The story of the summer's weather was the drought. The parched West was so dry that huge wildfires scorched five states: Arizona, New Mexico, California, Oregon and Colorado. And the mid-Atlantic, from the Carolinas to New England, suffered from such a severe lack of rain that water restrictions were imposed and crops failed in counties that are usually abundantly green.

There was an oasis of dampness. Rains soaked the center of the country, from the upper Midwest, where Minneapolis chalked up its fourth-wettest summer since 1891, to Texas, where San Antonio recorded its wettest summer since 1871.

Parts of Minnesota were like "a Garden of Eden," says Greg Spoden, a state climatologist.

Forecast: Relief

Fall and winter weather should bring relief from the heat for much of the country.

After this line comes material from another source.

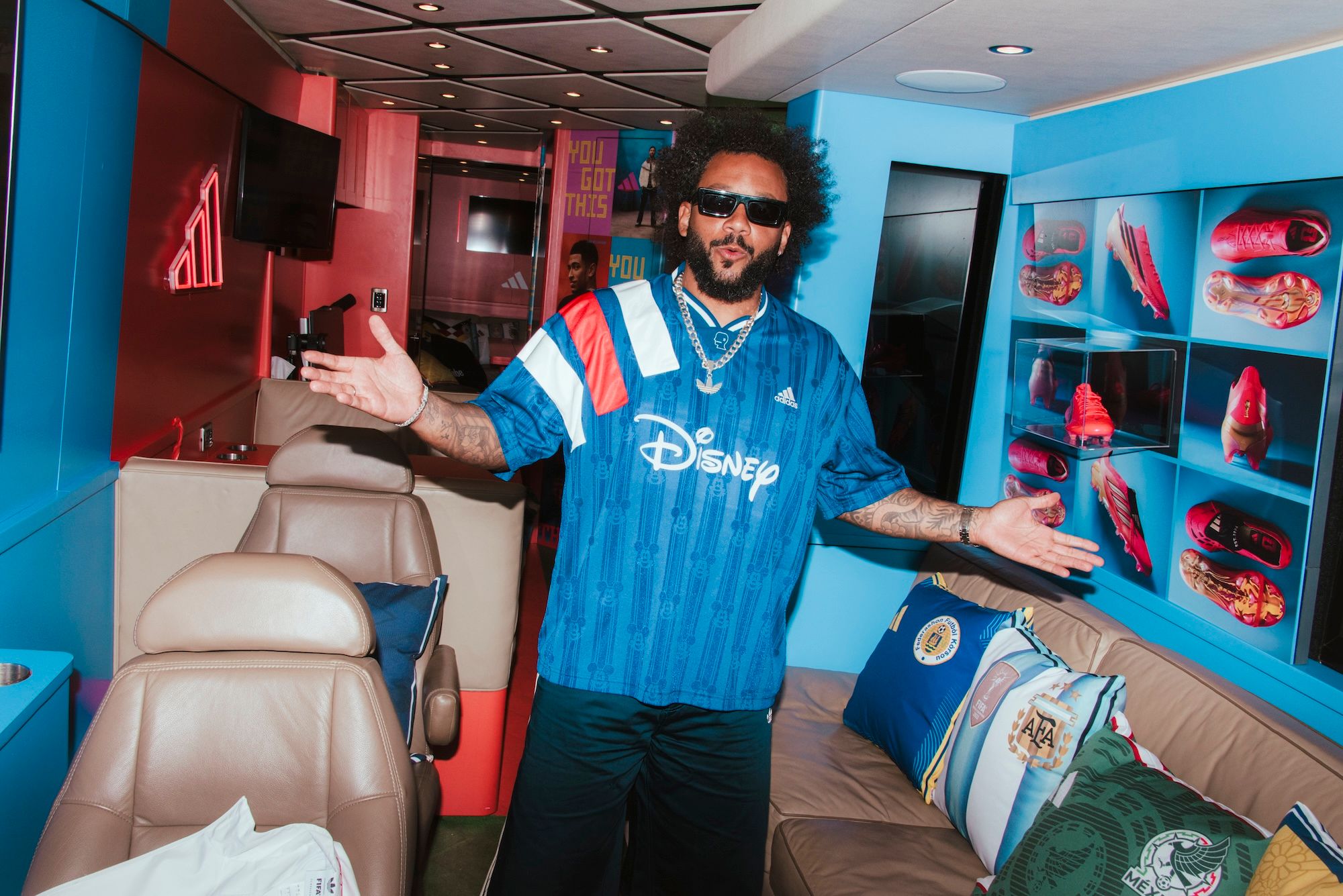 A man wearing a blue Disney-branded jersey stands in a colorful, tech-filled room, holding a smartphone.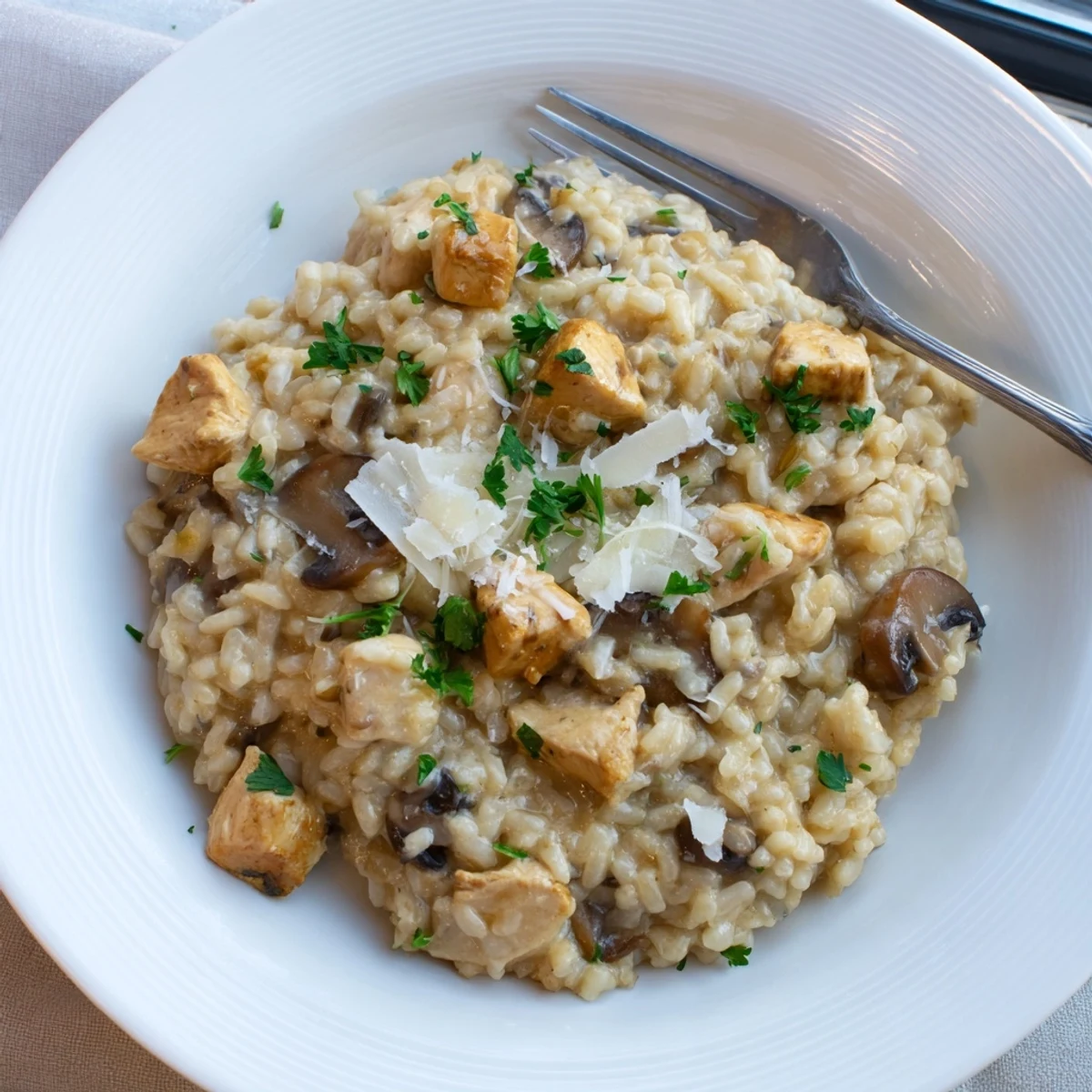 Steaming oven-baked chicken and mushroom risotto topped with extra Parmesan and vibrant green parsley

The National Weather Service's Climate Prediction Center in Camp Springs, Md., forecasts near-normal temperatures and rainfall for most of the country in October, November and December.

"Going into September, we've got nowhere near as extreme temperatures as we had in July and August," says Doug LeComte, a senior meteorologist. "That could be good news for those of us who suffered from the summer heat."

For those looking for a little more punch in their winter forecast, there's the Farmer's Almanac, which forecasts colder-than-normal winter temperatures and heavy snow from Colorado to Maine.

The latest edition of the 186-year-old almanac bases its forecast on a secret model that considers sunspot activity, planet position and the effects of the moon.

The almanac made a similar forecast last winter and was wrong. The almanac predicted places such as Portland, Maine, and Burlington, Vt., would be buried under snow. Instead, the Eastern Seaboard had one of its balmiest winters ever.